Si tratta di una lettura allo stesso tempo consolatoria e fuorviante. Come hanno infatti ben compreso tutti, la legislatura è finita domenica 4 dicembre, quando il treno della riforme guidato da Matteo Renzi si è schiantato contro il muro dei 19 milioni e passa di italiani che hanno votato No. Il risultato è che qualunque siano le iniziative politiche condotte in porto fino all’indizione dei comizi elettorali saranno nient’altro che tappe di avvicinamento ad un epilogo già scritto. Di conseguenza è evidente che il nodo vero non è la durata del governo, bensì il “dopo”. Dopo il verdetto elettorale; dopo che con il nuovo sistema saranno stati misurati i rapporti di forza tra partiti e schieramenti.

E’ su quel passaggio che si appuntano le preoccupazioni del Colle. Comprensibilmente. Se infatti la legge elettorale dovesse risultare sbilenca, se cioè i partiti si limitassero ad un gioco di rimessa rinunciando ad un’opera di assestamento e riequilibrio andando a votare per Montecitorio con un meccanismo prevalentemente maggioritario come risultato degli interventi della Consulta il prossimo 24 gennaio, e per il Senato con un altro prevalentemente proporzionale, il pericolo che ne risulti un Parlamento incapace di esprimere una maggioranza solida ed un governo incerto diventa altissimo. Che si fa a quel punto, si scioglie di nuovo? Oppure ci si acconcia ad uno scenario alla spagnola, con spaccature nei partiti, maggioranze pencolanti, governi di minoranza e, alla fine, altre elezioni a raffica? E’ un panorama che sul Quirinale provoca fortissimi brividi, visto che la responsabilità ultima delle scelte ricadrebbe sempre e comunque sulle spalle di Mattarella.

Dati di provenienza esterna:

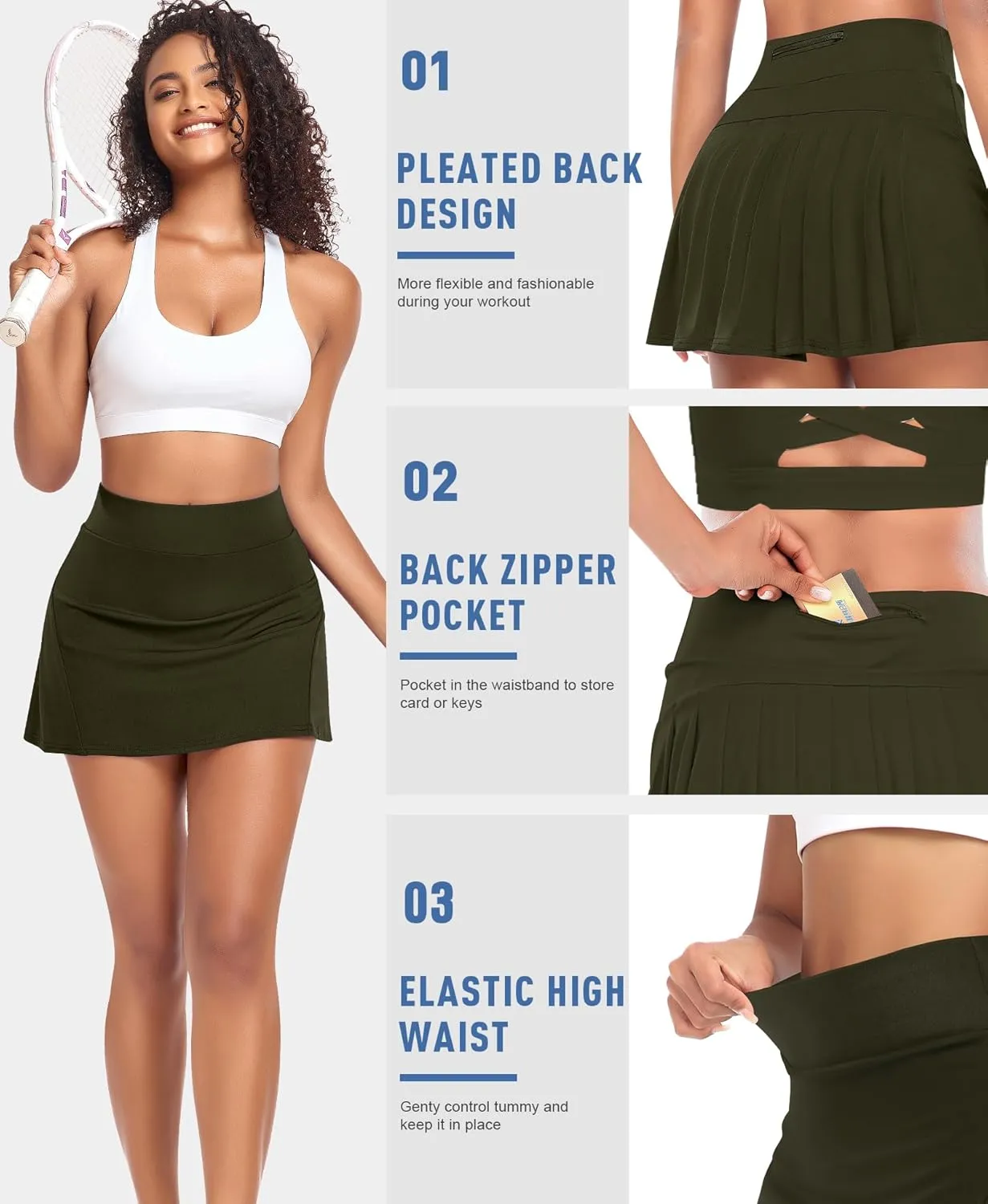 Pleated Tennis Skirts for Women High Waisted Athletic Golf Skorts with Pockets Shorts Running Workout Clothes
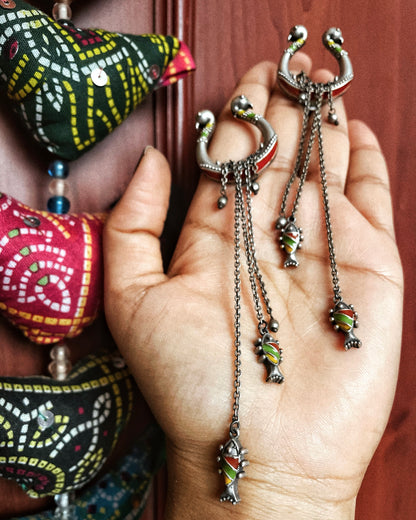 जलनर्तकी | Silver-Plated Meenakari Statement Drops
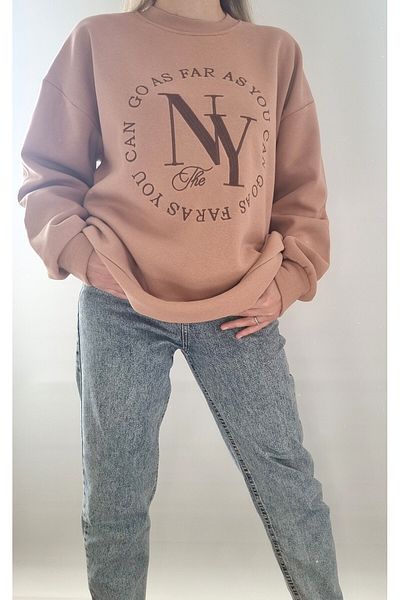 Qu Style Embroidery Patterned, Oversize, Crew Neck Sports Stylish, 3 Thread Raised, Women's Sweatshirt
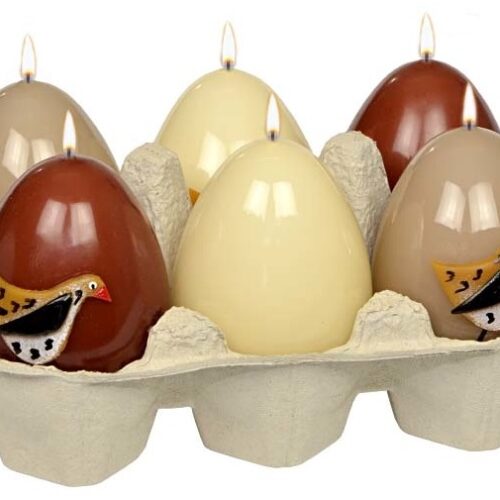 świeca 6szt. JAJKO 60/45 EASTER HEN LAKIER MIX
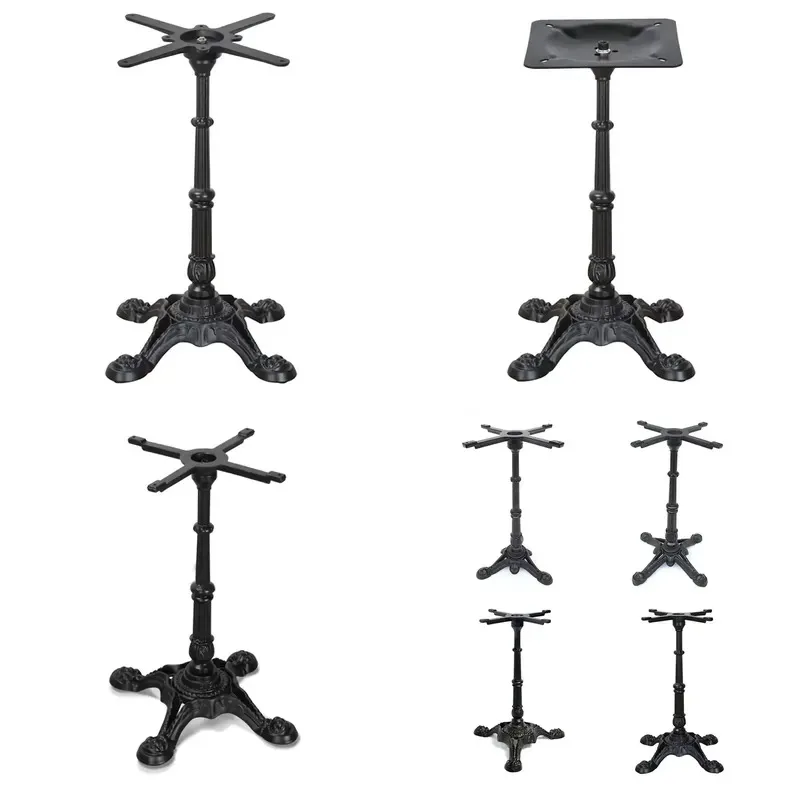 Rustic Industrial Cast Iron Table Base Black Powder Coated Heavy Duty Metal Legs for Coffee Dining Kitchen Living Room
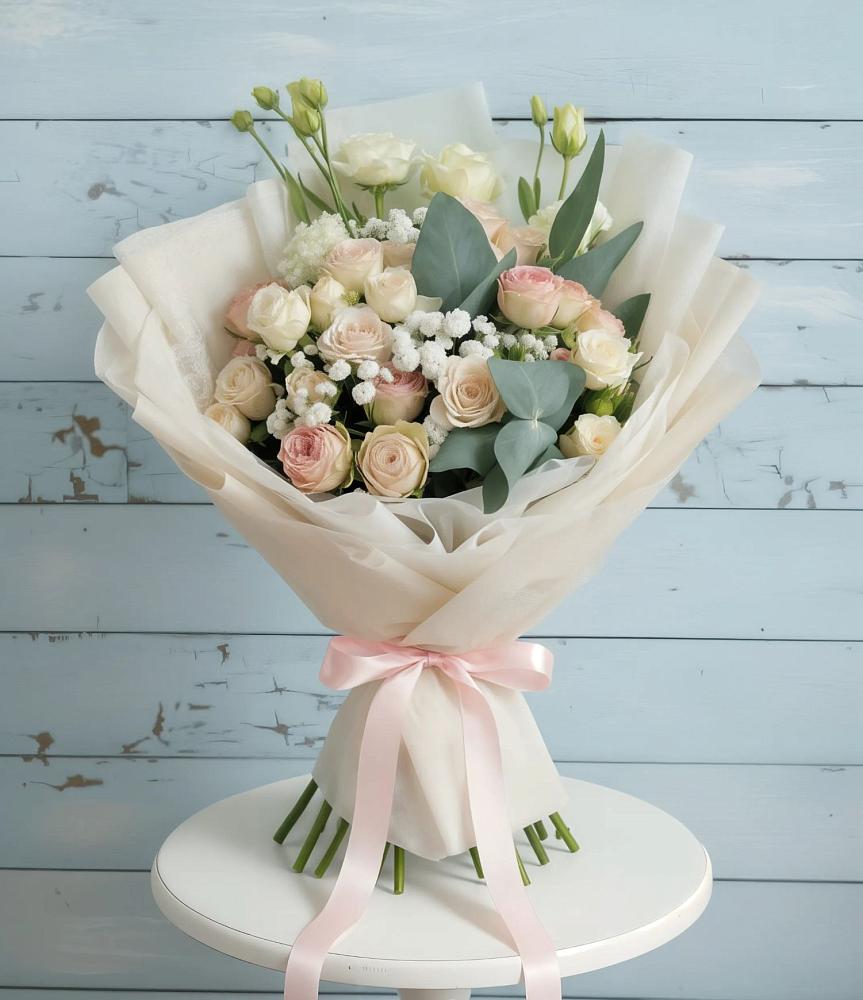 Букет цветов из: Розы и Лизиантусы в Новотитаровской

Non basta. Quando parla di quello prossimo come di un anno «difficile», il Presidente della Repubblica si riferisce anche e soprattutto al fatto che sarà un anno elettorale per i due più importanti Paesi europei: Francia e Germania. Un’eventuale destabilizzazione dell’Italia potrebbe avere a ricasco effetti perniciosi per la vittoria delle forze anti- sistema e anti Ue. E qui arrivano le preoccupazioni sul modello elettorale che deve essere adottato. Matteo Renzi insiste sul Mattarellum spalleggiato dalla Lega mentre Berlusconi, cui in quel caso spetterebbe il poco desiderabile ruolo di agnello sacrificale, si è messo di traverso. Grillo, come solito, si tiene al di fuori: preferisce vedere le altre forze scannarsi e poi intervenire per raccoglierne i cocci. In un quadro siffatto, che il Mattarellum possa arrivare al traguardo è difficile.

Più agevole - ma non per questo meno gravido di conseguenze e danni collaterali - ripiegare su un sistema di impianto proporzionale. Ebbene se si dovesse confermare l’equilibrio del 2013, con tre contenitori sostanzialmente assimilabili in termini di consensi, le maggioranze possibili risulterebbero solo di due tipi: accordo Pd- Forza Italia da un lato, oppure intesa Cinquestelle- Carroccio, magari limitata ad alcuni aspetti programmatici, dall’altro. Con in testa le problematiche continentali e nel rispetto totale degli orientamenti dei cittadini, è facile immaginare quale delle due opzioni sarebbe vista di buon occhio al Colle. Ma come si potrebbe arrivare ad urne chiuse ad una sintonia tra due partiti reduci da un preliminare e logorante braccio di ferro sulle nuove regole di voto? Due partiti che hanno messo in campo opzioni tra di loro divaricate e hanno in testa due opposti modelli di governabilità? Sia chiaro: il riferimento non vasle solo per Pd- Fi ma anche per FI- Lega o Lega- Cinquestelle. Sono elementi sui quali, per rispetto istituzionale e tutela assoluta del suo ruolo di arbitro imparziale, Mattarella non spende neanche un’alzata di sopracciglio. Tuttavia sono dati realistici, che col passare delle settimane acquisiranno uno spessore politico sempre più consistente. A seconda di come si svolgerà il confronto- scontro nelle prossime settimane, infatti, si disegnerà il perimetro del dopo urne. Occupati come appaiono ad una cura ossessiva del proprio “particulare”, i leader politici sembrano disattenti rispetto alle possibili conseguenze delle loro scelte. Prede da una deriva per lo più propagandistica, più d’uno aspetta il responso della Corte costituzionale per poi trasferirlo pari pari alla campagna elettorale. Abdicando ancora una volta allo sforzo della politica, ai compiti che spettano ad una classe dirigente che come bussola dovrebbe sempre avere la salvaguardia dell’interesse generale.